SUPPLIED RECORDS: Begin
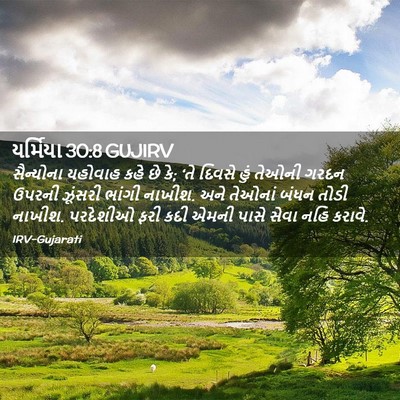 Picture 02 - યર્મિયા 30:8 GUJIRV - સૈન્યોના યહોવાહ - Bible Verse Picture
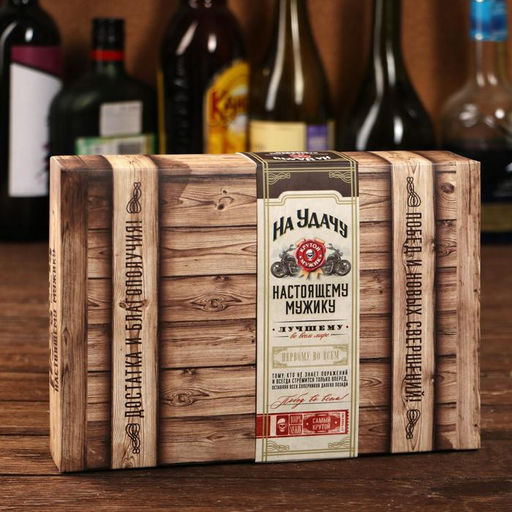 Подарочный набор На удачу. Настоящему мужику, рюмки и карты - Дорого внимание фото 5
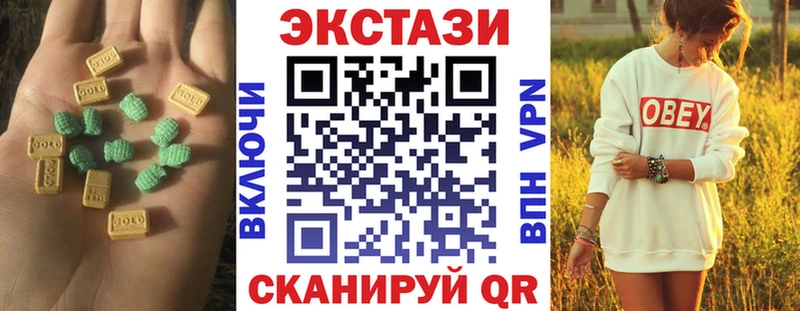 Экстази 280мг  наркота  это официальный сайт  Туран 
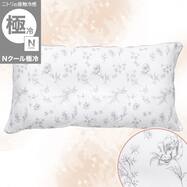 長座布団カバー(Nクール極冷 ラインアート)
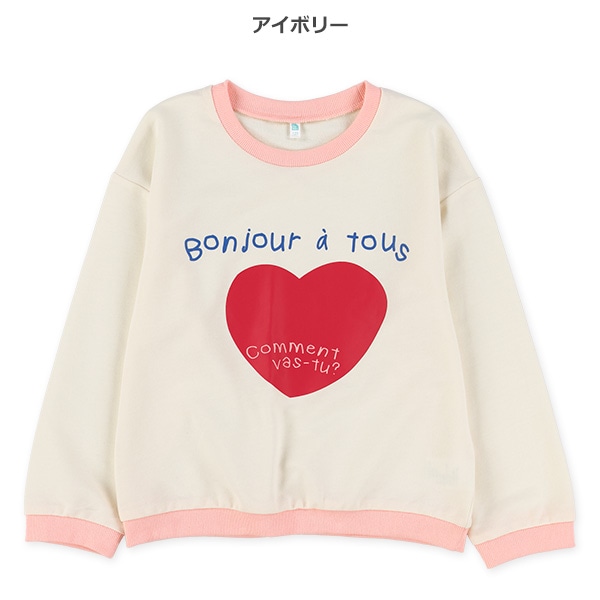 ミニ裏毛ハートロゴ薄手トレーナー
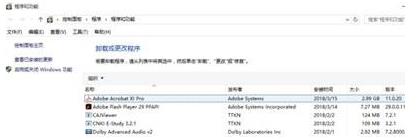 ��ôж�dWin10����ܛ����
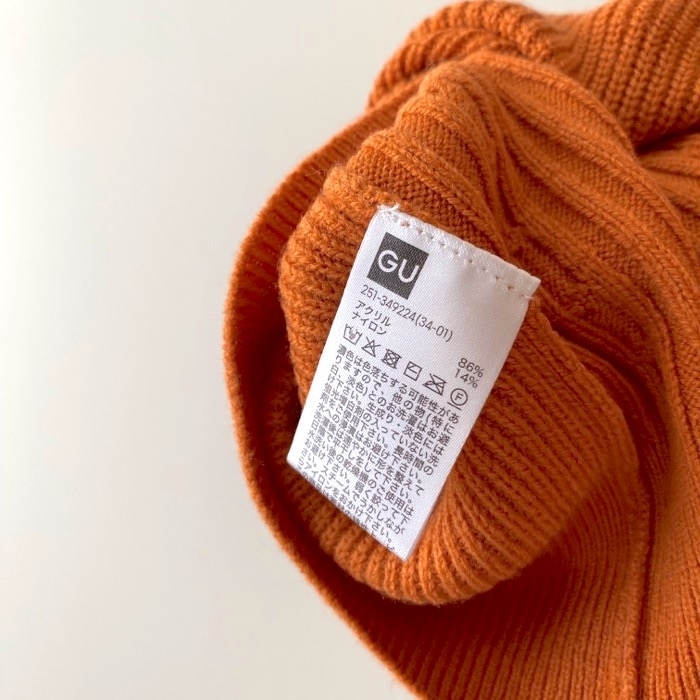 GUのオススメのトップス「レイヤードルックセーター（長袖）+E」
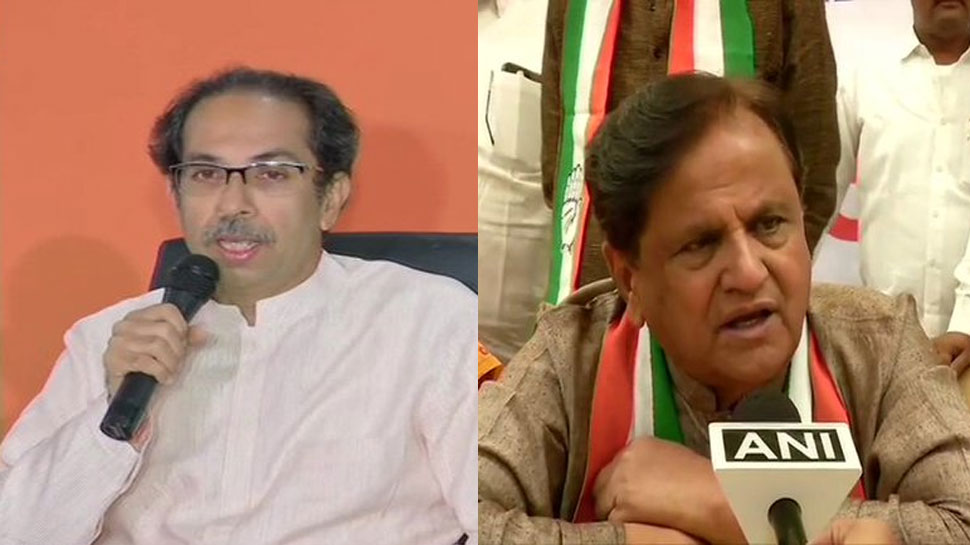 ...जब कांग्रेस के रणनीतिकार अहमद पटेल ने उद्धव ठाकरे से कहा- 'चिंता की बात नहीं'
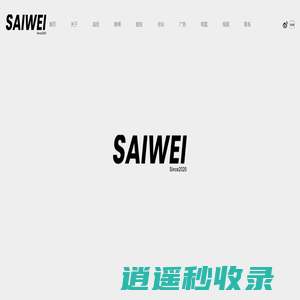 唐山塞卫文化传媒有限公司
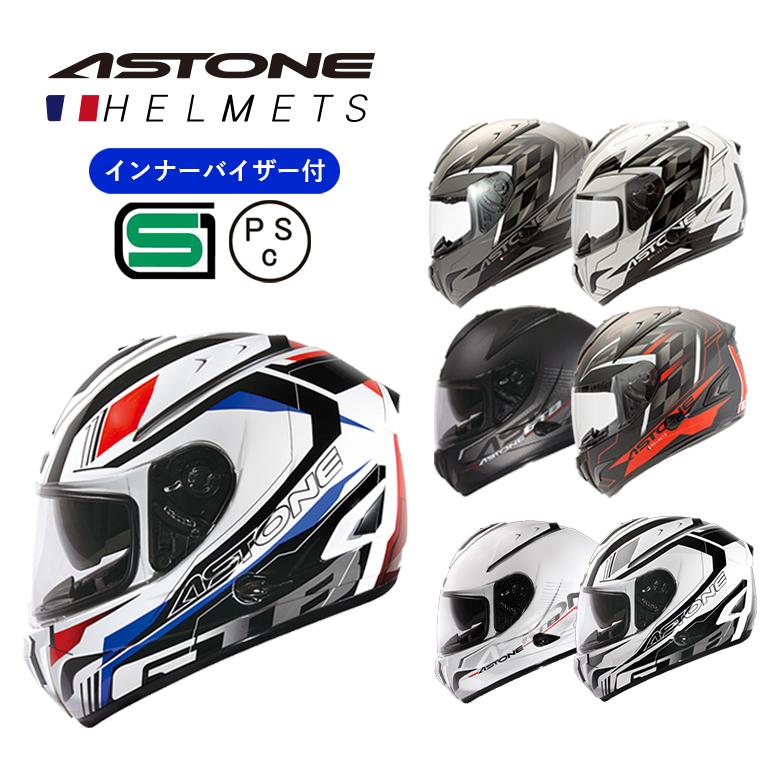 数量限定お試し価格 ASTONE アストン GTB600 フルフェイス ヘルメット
SUPPLIED RECORDS: End
Copy exactly, please, the lines that run from the line holding "это официальный сайт" through the closing line of the material above, omitting every picture.

▶ RESULT OF THE TASK
 Экстази 280мг  наркота  это официальный сайт  Туран 
 長座布団カバー(Nクール極冷 ラインアート)
 ミニ裏毛ハートロゴ薄手トレーナー
 ��ôж�dWin10����ܛ����
 GUのオススメのトップス「レイヤードルックセーター（長袖）+E」
 ...जब कांग्रेस के रणनीतिकार अहमद पटेल ने उद्धव ठाकरे से कहा- 'चिंता की बात नहीं'
 唐山塞卫文化传媒有限公司
 数量限定お試し価格 ASTONE アストン GTB600 フルフェイス ヘルメット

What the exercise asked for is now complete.